Comme tous les groupements politiques qui l’ont précédé historiquement, l’État consiste en un rapport de domination de l’homme sur l’homme fondé sur le moyen de la violence légitime (c’est-à-dire sur la violence qui est considérée comme légitime). L’État ne peut donc exister qu’à la condition que les hommes dominés se soumettent à l’autorité revendiquée chaque fois par les dominateurs. Les questions suivantes se posent alors : dans quelles conditions se soumettent-ils et pourquoi ? sur quelles justifications internes et sur quels moyens externes cette domination s’appuie-t-elle ?

Il existe en principe – nous commencerons par là – trois raisons internes qui justifient la domination, et par conséquent il existe trois fondements de la légitimitéTout d’abord l’autorité de l’ « éternel hier », c’est-à-dire celle des coutumes sanctifiées par leur validité immémoriale et par l’habitude enracinée en l’homme de les respecter. Tel est le « pouvoir traditionnel » que le patriarche ou le seigneur terrien exerçaient autrefois. En second lieu l’autorité fondée sur la grâce personnelle et extraordinaire d’un individu (charisme) ; elle se caractérise par le dévouement tout personnel des sujets à la cause d’un homme et par leur confiance en sa seule personne en tant qu’elle se singularise par des qualités prodigieuses, par l’héroïsme ou d’autres particularités exemplaires qui font le chef. C’est là le pouvoir « charismatique » que le prophète exerçait, ou – dans le domaine politique – le chef de guerre élu, le souverain plébiscité, le grande démagogue ou le chef d’un parti politique. Il y a enfin l’autorité qui s’impose en vertu de la « légalité », en vertu de la croyance en la validité d’un statut légal et ‘une « compétence » positive fondée sur des règles établies rationnellement, en d’autres termes l’autorité fondée sur l’obéissance qui s’acquitte des obligations conformes au statut établi. C’est là le pouvoir tel que l’exerce le « serviteur de l’État » moderne, ainsi que tous les détenteurs du pouvoir qui s’en rapprochent sous ce rapport.

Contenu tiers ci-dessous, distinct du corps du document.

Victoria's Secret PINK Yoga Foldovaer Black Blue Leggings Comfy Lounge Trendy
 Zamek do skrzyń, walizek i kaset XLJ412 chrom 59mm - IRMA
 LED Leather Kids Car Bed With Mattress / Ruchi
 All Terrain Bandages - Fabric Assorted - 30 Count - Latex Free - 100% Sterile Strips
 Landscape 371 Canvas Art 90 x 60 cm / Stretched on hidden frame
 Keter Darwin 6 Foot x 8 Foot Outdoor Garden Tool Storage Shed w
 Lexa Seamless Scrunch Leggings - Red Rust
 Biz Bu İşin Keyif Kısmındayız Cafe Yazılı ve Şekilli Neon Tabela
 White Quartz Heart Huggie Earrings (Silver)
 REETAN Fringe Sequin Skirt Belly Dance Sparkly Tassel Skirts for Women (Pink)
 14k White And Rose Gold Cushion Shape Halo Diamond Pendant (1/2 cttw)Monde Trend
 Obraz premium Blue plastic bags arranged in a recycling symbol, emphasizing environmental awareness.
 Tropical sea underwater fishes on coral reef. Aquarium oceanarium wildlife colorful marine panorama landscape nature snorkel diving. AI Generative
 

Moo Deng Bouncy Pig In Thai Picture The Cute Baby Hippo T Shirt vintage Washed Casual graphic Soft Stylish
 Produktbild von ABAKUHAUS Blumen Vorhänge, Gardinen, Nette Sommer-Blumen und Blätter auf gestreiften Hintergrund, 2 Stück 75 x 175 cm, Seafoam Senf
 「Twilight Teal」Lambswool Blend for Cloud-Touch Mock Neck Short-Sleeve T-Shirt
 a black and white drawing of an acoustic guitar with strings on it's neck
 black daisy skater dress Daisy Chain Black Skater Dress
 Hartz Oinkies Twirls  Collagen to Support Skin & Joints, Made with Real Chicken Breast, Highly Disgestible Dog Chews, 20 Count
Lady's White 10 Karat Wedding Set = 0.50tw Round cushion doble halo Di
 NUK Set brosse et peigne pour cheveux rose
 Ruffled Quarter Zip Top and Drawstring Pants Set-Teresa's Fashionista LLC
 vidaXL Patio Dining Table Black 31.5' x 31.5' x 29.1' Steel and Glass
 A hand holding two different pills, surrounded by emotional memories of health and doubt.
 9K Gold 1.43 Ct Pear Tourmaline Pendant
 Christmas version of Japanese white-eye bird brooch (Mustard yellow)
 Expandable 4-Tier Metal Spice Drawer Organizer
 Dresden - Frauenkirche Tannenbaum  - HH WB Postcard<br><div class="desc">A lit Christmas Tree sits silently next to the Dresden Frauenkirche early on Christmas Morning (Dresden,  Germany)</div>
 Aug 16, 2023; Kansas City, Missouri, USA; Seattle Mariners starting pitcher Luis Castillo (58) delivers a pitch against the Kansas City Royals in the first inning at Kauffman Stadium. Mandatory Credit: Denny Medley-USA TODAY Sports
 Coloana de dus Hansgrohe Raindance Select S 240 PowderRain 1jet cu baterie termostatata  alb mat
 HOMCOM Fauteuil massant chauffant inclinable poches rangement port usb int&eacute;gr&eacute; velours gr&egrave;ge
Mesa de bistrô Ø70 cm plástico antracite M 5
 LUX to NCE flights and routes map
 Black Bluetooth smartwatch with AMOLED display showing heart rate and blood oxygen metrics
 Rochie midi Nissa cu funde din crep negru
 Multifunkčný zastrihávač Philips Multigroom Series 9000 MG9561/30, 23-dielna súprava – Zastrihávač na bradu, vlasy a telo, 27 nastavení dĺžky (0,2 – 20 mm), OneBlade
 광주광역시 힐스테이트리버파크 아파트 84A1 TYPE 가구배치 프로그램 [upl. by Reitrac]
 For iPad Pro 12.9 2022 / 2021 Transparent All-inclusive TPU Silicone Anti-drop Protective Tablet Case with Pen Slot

Max Weber (1864 – 1920), Le Savant et le Politique, traduction de Julien Freund

 

Le monopole de la violence physique légitime : explication

Ce célèbre extrait du Savant et du Politique de Max Weber (1864 – 1920), traduction française de deux conférences qu’il a prononcées en 1917 et 1919 (Wissenschaft als Beruf et Politik als Beruf), est à connaître du fait de son importance fondamentale dans la pensée politique d’aujourd’hui.  

Max Weber n’est pas un « philosophe politique » à proprement parler. Il agit en sociologue : sa démarche ne consiste pas à déterminer quel est le meilleur système politique possible, mais à rendre intelligible les diverses formes historiques du pouvoir. Ici, Weber cherche le critère qui permet de déterminer ce qui fait d’une institution un  » État ». Il veut définir ce qui fait la spécificité de l’action de l’État par rapport à tout autre institution. Sa réponse est célèbre : l’État agit par la violence physique légitime. En d’autres termes, l’État revendique le monopole de la violence physique légitime. Cette violence, qui fait de l’État un instrument de domination de l’homme sur l’homme, n’est pas tyrannique : elle est fondée en droit, car légitime. L’obéissance qu’implique ce monopole n’est pas une oppression, mais un devoir. 

La question qui suit logiquement est bien sûr ce qui rend légitime la domination aux yeux de ceux sur qui elle s’exerce. Max Weber détermine trois fondements de la légitimité :

  • la légitimité traditionnelle venant de la force des coutumes du passé ;
  • la légitimité fondée sur le charisme d’un dirigeant ;
  • la légitimité technocratique fondée sur la compétence.